If she accepts, she's probably interested in you.... Otherwise, she's not interested in you.

this may be the code in some circles but don't count on it, either way. Some people think whoever invited should pay whether things are getting interesting or not ("hey, at least I got a free meal out of it"). some people think that so long as women have jobs, it is insulting for them get 'treated' to things as if they were children. some people think whoever has a higher income should pay, or that if someone offers it's nice to accept a gift, or a dozen other possible philosophies of dinner payment.

it's such a dumb complication: but it's propogated by the "what does it mean if she allows/resists your paying?" mindset. Rely on body language, interaction, and actual communication, not coded clues.
posted by mdn at 9:03 PM on April 21, 2006


Best answer: watch carefully her relationship with her father ... a woman who despises her father, even if she's got good reason to, may end up despising you
posted by pyramid termite at 9:36 PM on April 21, 2006


Best answer: The Rules for men (and women) are that there are no hard and fast rules. Everyone is willing to bend them for the right person.
posted by Devils Slide at 10:51 PM on April 21, 2006 [1 favorite]


Some advice:

1. If you're interested, it's up to you--as the guy--to make the first move.

2. Consider dating more than one person at the same time. (I'm assuming that the pace of dating is relatively slow, that physical intimacy doesn't happen very quickly.)

3. If you're interested in marriage, make a decision after dating for a year.

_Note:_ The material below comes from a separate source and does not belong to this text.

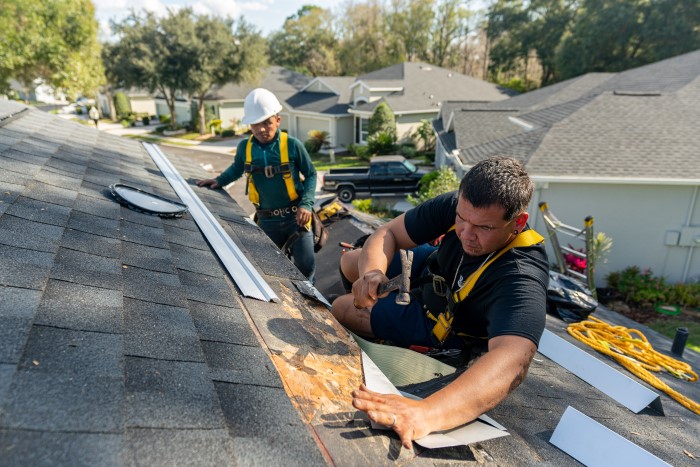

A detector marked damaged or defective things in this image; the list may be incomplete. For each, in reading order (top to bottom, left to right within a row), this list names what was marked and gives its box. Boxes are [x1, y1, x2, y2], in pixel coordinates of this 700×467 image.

damaged roof decking [0, 101, 696, 464]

If after a year you're still not sure whether she's the one, then she's not, and you'll just be wasting your time (and hers).

For general dating advice, I'd recommend If I'm So Wonderful, Why Am I Still Single?

For breakup advice, I'd recommend How to Dump a Guy: A Coward's Manual.
posted by russilwvong at 11:02 PM on April 21, 2006


watch carefully her relationship with her father ... a woman who despises her father, even if she's got good reason to, may end up despising you

That is a sound piece of advice. I kind of wish my Dad had been given it....

Short of echoing already proffered advice any more, I'd be watchful of feigned interest. If a date couldn't give a shit about your interest in collecting baseball cards/soduku/pre 1975 funk music/whatever, best they tell rather than string you along.

Dishonesty sucks. Dishonesty from the get go is a no no.
posted by davehat at 1:43 AM on April 22, 2006 [1 favorite]


Best answer: The 10 Percent / 100 Percent Rule

If she seems to be crazy 10 percent of the time, she is 100 percent crazy and is not a valid choice for dating and/or relationships.

Many men will overlook signs of deep-seated neuroses, for various reasons (e.g. the sex is good, she laughs at your jokes, your mom/friends like her, she's got a great ass).

You need to attune yourself to these warning signs. Observe the 10 Percent / 100 Percent Rule. If you catch yourself thinking things like, "She's sure is quirky," or "What the fuck was that all about?", you need to get out, fast.
posted by frogan at 3:45 AM on April 22, 2006 [5 favorites]


Don't date any girl who follows The Rules?

Seriously though, I think the best advice is to not assume girls think or expect or want anything in terms of commitment or a relationship or whatever just by virtue of their gender.